With respect to damages, the trial court instructed the jury
with a modified version of CACI No. 3901 (introduction to tort
damages—liability established). The instruction included the
following verbatim portion of CACI No. 3901:
“The amount of damages must include an award for
each item of harm that was caused by Rite Aid
Corporation’s and Kien Chau’s wrongful conduct,
even if the particular harm could not have been
anticipated.”
In accordance with the Martinez II advice regarding the
instructions on noneconomic damages, the trial court instructed
the jury:
“Any noneconomic damages on the wrongful termination [in]
violation of public policy claim are to compensate Maria
Martinez for the harm caused by the termination of her
employment in August 2007.
“Any noneconomic damages awarded on the intentional
infliction of emotional distress claims are to compensate
Maria Martinez for the harm caused by the outrageous
9
conduct of Rite Aid employees, including Kien Chau, that
occurred between December 2006 and August 2007.

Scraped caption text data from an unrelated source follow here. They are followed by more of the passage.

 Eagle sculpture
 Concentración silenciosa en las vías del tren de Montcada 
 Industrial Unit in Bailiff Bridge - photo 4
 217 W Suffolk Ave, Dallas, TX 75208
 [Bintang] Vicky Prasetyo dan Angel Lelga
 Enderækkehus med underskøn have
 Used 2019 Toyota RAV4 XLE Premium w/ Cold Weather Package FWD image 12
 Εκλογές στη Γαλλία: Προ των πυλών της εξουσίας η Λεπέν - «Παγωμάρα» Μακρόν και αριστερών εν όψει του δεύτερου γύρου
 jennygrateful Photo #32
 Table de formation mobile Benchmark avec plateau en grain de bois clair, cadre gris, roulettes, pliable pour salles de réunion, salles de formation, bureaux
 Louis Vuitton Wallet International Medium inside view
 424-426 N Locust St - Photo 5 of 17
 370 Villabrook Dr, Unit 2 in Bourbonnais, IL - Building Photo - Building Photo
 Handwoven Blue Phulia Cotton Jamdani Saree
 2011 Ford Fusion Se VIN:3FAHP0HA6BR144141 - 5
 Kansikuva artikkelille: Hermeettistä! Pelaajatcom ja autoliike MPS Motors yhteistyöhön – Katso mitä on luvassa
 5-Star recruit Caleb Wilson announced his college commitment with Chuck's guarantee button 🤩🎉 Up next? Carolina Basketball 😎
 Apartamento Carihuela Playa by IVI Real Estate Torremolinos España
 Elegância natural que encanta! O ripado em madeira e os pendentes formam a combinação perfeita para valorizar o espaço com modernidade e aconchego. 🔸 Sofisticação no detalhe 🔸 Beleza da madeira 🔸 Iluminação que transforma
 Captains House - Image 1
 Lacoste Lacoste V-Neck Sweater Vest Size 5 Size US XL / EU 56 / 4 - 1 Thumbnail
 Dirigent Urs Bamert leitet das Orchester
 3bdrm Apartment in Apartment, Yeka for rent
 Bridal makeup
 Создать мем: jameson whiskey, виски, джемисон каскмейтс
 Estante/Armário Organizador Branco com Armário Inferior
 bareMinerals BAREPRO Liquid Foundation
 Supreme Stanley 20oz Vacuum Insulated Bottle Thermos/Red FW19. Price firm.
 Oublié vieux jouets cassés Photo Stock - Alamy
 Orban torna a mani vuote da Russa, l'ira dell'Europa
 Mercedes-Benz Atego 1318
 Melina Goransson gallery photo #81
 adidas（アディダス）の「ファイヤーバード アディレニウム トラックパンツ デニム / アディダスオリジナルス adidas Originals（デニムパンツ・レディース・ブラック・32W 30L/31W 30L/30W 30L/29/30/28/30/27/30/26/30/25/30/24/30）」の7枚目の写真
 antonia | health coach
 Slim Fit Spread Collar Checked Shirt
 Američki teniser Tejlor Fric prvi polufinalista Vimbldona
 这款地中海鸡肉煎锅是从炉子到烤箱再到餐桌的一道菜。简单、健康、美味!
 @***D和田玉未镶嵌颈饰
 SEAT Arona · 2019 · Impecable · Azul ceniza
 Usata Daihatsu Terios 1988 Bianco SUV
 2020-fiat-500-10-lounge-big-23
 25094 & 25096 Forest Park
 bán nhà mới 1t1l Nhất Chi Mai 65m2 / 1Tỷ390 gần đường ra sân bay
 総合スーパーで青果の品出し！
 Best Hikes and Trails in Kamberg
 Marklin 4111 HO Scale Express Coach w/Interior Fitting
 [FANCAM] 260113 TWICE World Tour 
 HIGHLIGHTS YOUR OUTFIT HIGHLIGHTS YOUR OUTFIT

“Any damages awarded for harm caused by Rite Aid’s
wrongful termination of Maria Martinez should be awarded
only once.”
The trial court also instructed the jury with CACI No. 3928,
the “unusually susceptible plaintiff” instruction:
“You must decide the full amount of money that will
reasonably and fairly compensate Maria Martinez for all
damages caused by the wrongful conduct of Rite Aid
Corporation and Kien Chau, even if Maria Martinez was
more susceptible to injury than a normally healthy person
would have been, and even if a normally healthy person
would not have suffered similar injury.”
2. The special verdict form
In addition to the recommendations regarding jury
instructions, this court also advised in Martinez II that “[t]o avoid
the possibility of duplicative damages between Rite Aid and Chau
on the intentional infliction of emotional distress claims, the
special verdict form should ask the jury what amount or
percentage of non-economic damages were caused by Chau, and
what amount or percentage of non-economic damages were caused
by other Rite Aid employees during the relevant time period.” The
trial court ultimately ruled that, despite this court’s advice, the
special verdict form would not include a question asking the jury
to apportion noneconomic damages for intentional infliction of
emotional distress between Chau and other Rite Aid employees.
10
The final special verdict form contained two questions. The
first question, under the heading “wrongful termination [in]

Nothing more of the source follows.